SEPTEMBER 11:  ONE YEAR LATER

  THE WILLIAM JOVANOVICH SYMPOSIUM
COLORADO COLLEGE

Thom Shanker

THOM SHANKER is Pentagon correspondent for The New York Times. He joined The Times in 1997, and was assistant Washington editor, responsible for managing the newspaper’s coverage of foreign policy, national security and economics from the Washington bureau, before being named Pentagon correspondent in May of 2001. Mr. Shanker has had foreign postings to Moscow, Berlin and Bosnia.

Prior to joining The Times, he was foreign editor of The Chicago Tribune. During his lengthy career as a foreign and national security correspondent, Mr. Shanker was The Tribune's senior European correspondent, based in Berlin, from 1992-1995. Most of that time was spent covering the wars in Croatia and in Bosnia-Herzegovina, where Mr. Shanker was the first reporter to uncover and write about the Serb campaign of systematic mass rape of Muslim women. He also wrote about European integration, NATO policy, nuclear smuggling and the withdrawal of American, British, French and Russian troops from Berlin following the reunification of the German capital.

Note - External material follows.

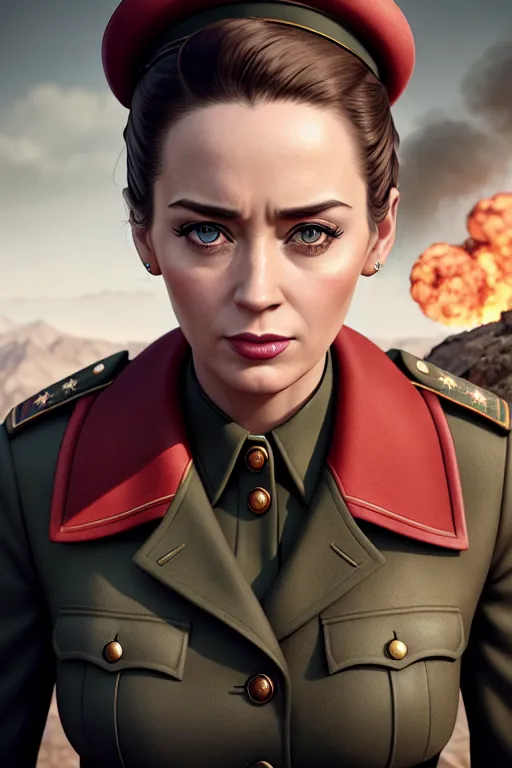 a digital art of,emily blunt,wearing soviet uniform,shooting from a high point,in a tea party,five slender fingers,updo hair,charming face,beautiful lips,detailed large eyes,curved eyebrows,smooth skin,cosy,tattoo,8k,surreal,ultra realistic,sharp focus,unreal engine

He was The Tribune's Moscow bureau chief from 1985-1988, covering the first years of the Gorbachev era as well as issues of superpower arms control. From 1988-1990, he was The Tribune's Pentagon correspondent. Mr. Shanker returned to Moscow from 1990-1992 to cover the death of the USSR and the collapse of the communist empire in Eastern Europe. He also spent one year as the foreign and military affairs writer on The Tribune editorial board.

Mr. Shanker spent two years in the master's degree program at The Fletcher School of Law and Diplomacy, at Tufts University, specializing in strategic nuclear policy and international law, passing his master’s orals with Highest Honors. He graduated Cum Laude in political science from Colorado College in Colorado Springs.

He has written on foreign policy, military affairs and the intelligence community for The New York Review of Books, The New Republic and the American Journalism Review. He is a contributor to “Crimes of War: What the Public Should Know,” an anthology published by Norton.

Mr. Shanker lives with his wife and two sons in Washington.